In a May 19, 2011 Notice of Inquiry (NOI), the Federal Energy Regulatory Commission (FERC) signaled that it may be ready to modify its transmission investment pricing policies. The NOI requests industry comments on whether the rate incentives provided under FERC’s transmission investment pricing policies effectively encourage the development of transmission infrastructure. The NOI appears to respond to recent concerns expressed by some Commissioners regarding the broad application of the incentives program, and could lead to a more formal rulemaking aimed at reducing the scope and availability of incentives while increasing the burden placed on applicants that seek those incentives.

The NOI (Docket No. RM11-26) addresses several general topics and poses a number of specific questions related to FERC’s rate incentives program. A list of the questions is available here. Areas proposed for comment include:

  • The overall effectiveness of the rate incentives program since its inception almost five years ago, including whether the rate incentives appropriately promote investment in transmission and adequately address barriers to construction of new transmission.  
  • The impact rate incentives have had on consumer rates and transmission investment patterns.  
  • The criteria used by FERC in evaluating applications; whether FERC should adopt specific eligibility criteria or conditions for each incentive sought by an applicant; and the effectiveness, impact and appropriateness of the specific incentives FERC has historically granted as part of its rate incentives program.  
  • Suggested changes to the program to more effectively encourage transmission development.  
  • Whether FERC should focus its efforts on additional goals, such as economic efficiency and improved operations.  


FERC implemented its current transmission rate incentives program shortly after the Energy Policy Act of 2005 directed FERC to encourage transmission development via incentives. To obtain an incentive, an applicant must make two showings. First, the applicant must demonstrate that its proposed transmission project ensures reliability or reduces the cost of power by alleviating transmission congestion. An applicant is entitled to a rebuttable presumption that it satisfies this requirement if its project has been approved through a regional planning process or by a state regulatory commission. Second, the applicant must show a nexus between the incentives sought and the investment being made.
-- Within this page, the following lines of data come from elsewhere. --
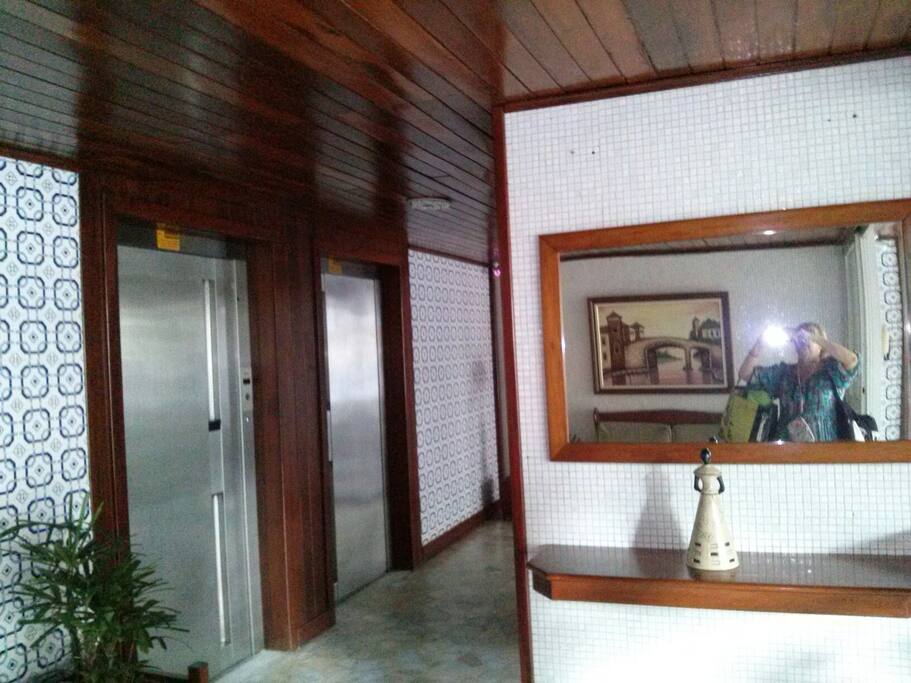 Frente ao elevador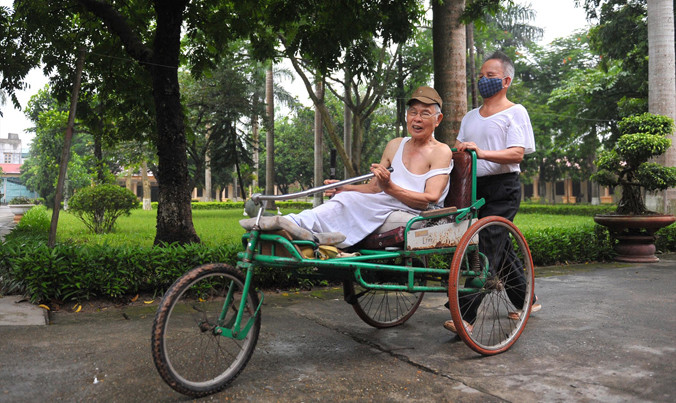Đến Trung tâm Điều dưỡng thương bệnh binh Duy Tiên dễ gặp hình ảnh các thương binh sát cánh bên nhau, cùng rèn luyện sức khỏe. Ảnh: Xuân Tùng.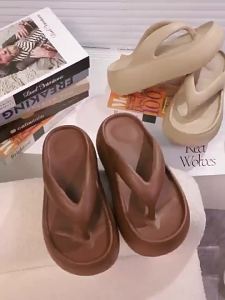 Thick-Soled Flip-Flops For Women Fashionable Summer Outdoor Wear Height-Increasing Wedge Beach Sandals For Ladies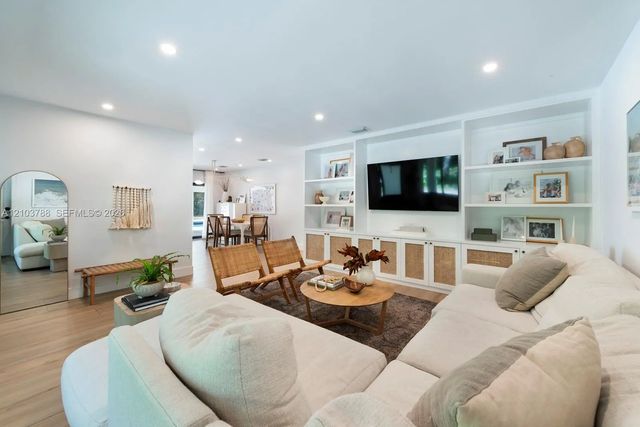 3 of 34 - 12500 Sw 69th Avenue, Pinecrest, FL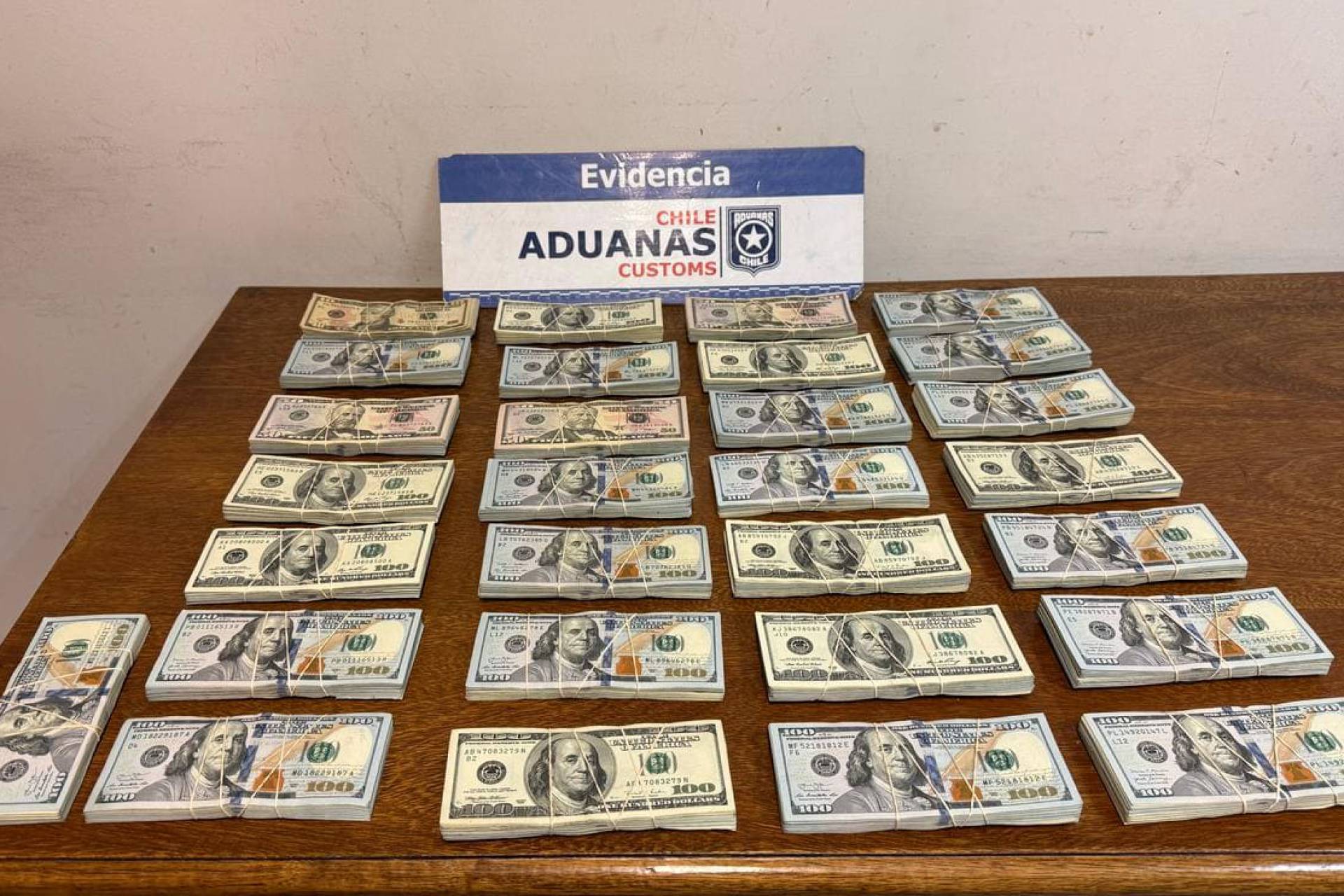 Contrabando de dinero en frontera: Aduanas incautó más de 4 millones de dólares el 2024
In determining whether an adequate nexus exists, FERC reviews the package of incentives sought by the applicant, the interrelationship between any of the incentives, and how the incentives address project-specific risks and challenges.

Traditionally, FERC has granted specific incentives to promote transmission development, such as adders to return on equity (ROE), recovery of 100% of prudently incurred costs of transmission facilities that are cancelled or abandoned, inclusion of 100% of prudently incurred construction work in progress (CWIP) in rate base, recovery of pre-commercial operations costs (such as expenditures for preliminary feasibility surveys), hypothetical capital structures, accelerated depreciation, and deferred cost recovery.

What This Means for You

Comments on the NOI are due at FERC within 60 days after the NOI is published in the Federal Register. (A due date for comments is anticipated sometime in late July.) Industry participants should consider submitting comments addressing the specific questions and/or more general issues presented in the NOI. FERC appears poised to make significant changes to its rate incentive program. If industry stakeholders wish to preserve the status quo or seek changes to the program, the submission of constructive comments may help advance those goals.

In particular, entities currently involved in the planning stages of a transmission project should consider submitting comments. At a minimum, these entities should stay tuned for any additional developments. Changes to FERC’s transmission incentives policies will impact the benefits that developers of new transmission projects can seek and may prompt these entities to revisit their business models for future transmission projects.